DuckDb is bundled into Quary, so you don't need to install anything else other than Quary. If you haven't already, download Quary and install it.

Once you have Quary installed, both as a CLI and as VSCode extension, you can start using DuckDb with its full capability.

Demo Project

If you want to look at the DuckDb template, you can find it here. You can also use the template by running the following command in a new folder:

quary init --type=duckdb

This will create a new project with the DuckDb template. You can then open the project in VSCode and start working with it. Rather than do that though, this guide will walk you through the basics of DuckDb.

Starting From Scratch

Configuring DuckDb

To start from scratch, create a new folder. In that folder, let's create the config file for DuckDb. Create a new file called quary.yaml and add the following content:

duckdb:
  path: data.db

This tells Quary to use DuckDb and to store the database in a file called data.db. You can change the path to whatever you want.

Adding source data

Now that we have the config file, let's add some data. Create a new file called people.csv, place it in a folder called data and add the following content:

id,name,age
1,Alice,30
2,Bob,40
3,Charlie,50
4,Dave,45
5,Eve,35

This is a simple CSV file with three columns: id, name, and age. We'll use this file as the data source in DuckDb. To do this, create a folder called models and add a new file called sources.yaml with the following content:

sources:
  - name: people
    path: '"data/people.csv"'
    columns:
      - name: id
        tests:
          - type: unique
          - type: not_null
      - name: name
        tests:
          - type: not_null
      - name: age
        tests:
          - type: not_null
          - type: gte
            info:
              value: 0

The above file names the source people and tells Quary to use the people.csv file as the source. It also specifies the columns and their tests. The id column should be unique and not null, the name column should not be null, and the age column should not be null and greater than or equal to 0.
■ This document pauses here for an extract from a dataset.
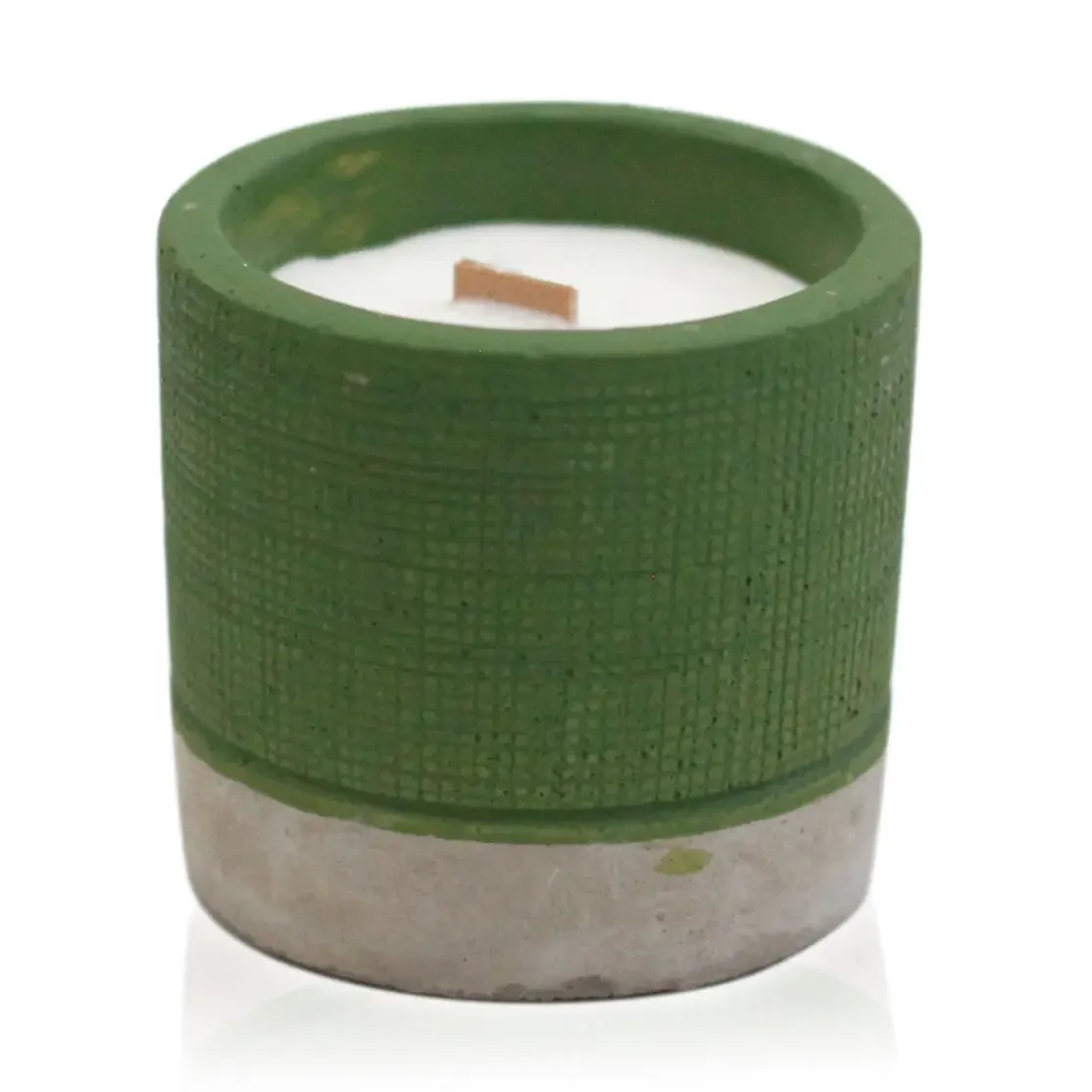 Green sea moss pot with fresh herbs inside, bright green earthy vibe.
From the root of the project, run the following command. This will run the tests on the source and ensure that the data is valid.

quary test

At this point, your file structure should look like this and if that is the case you now have a source that you can use in DuckDb to start transforming data.

.
├── data
│   └── people.csv
├── models
│   └── sources.yaml
└── quary.yaml

Transforming data

Now that we have the source, let's query the data. Create a new file called age_distribution.sql in the models folder. In this file, we will write a SQL query to get the count of the number of people in each age group (1-10, 11-20, 21-30, etc.).

SELECT
  CASE
    WHEN age BETWEEN 1 AND 10 THEN '1-10'
    WHEN age BETWEEN 11 AND 20 THEN '11-20'
    WHEN age BETWEEN 21 AND 30 THEN '21-30'
    WHEN age BETWEEN 31 AND 40 THEN '31-40'
    WHEN age BETWEEN 41 AND 50 THEN '41-50'
    ELSE '51+'
  END AS age_group,
  COUNT(*) AS count
FROM q.people

That query groups the ages into different buckets and counts the number of people in each bucket. The q.people refers to the people source that we defined earlier. The name for a source is always q.<source_name> where the source name is the name of the source in the sources.yaml file. To build this query as a view in DuckDb, run the following command:

quary build

This will create the structure in the data.db file. You can now query the data using the duckdb CLI for example.

At this point, your file structure should look like this.

.
├── data
│   └── people.csv
├── models
│   └── sources.yaml
│   └── age_distribution.sql
└── quary.yaml

Testing transformation

In addition to building the view, you can also test the transformation. Create a new file called schema.yaml in the models folder and add the following content:

models:
- name: age_distribution
  columns:
  - name: age_group
    tests:
      - type: not_null
  - name: count
    tests:
      - type: not_null
      - type: gte
        info:
          value: "0"

This file specifies the tests for the age_distribution model. The age_group column should not be null and the count column should not be null and greater than or equal to 0. To run the tests, run the following command:

quary test

Note that the name of the model is inferred from the file name. The file name should be the name of the model with the extension .sql. Just like you can refer to a source using q.<source_name>, you can refer to a model using q.<model_name>.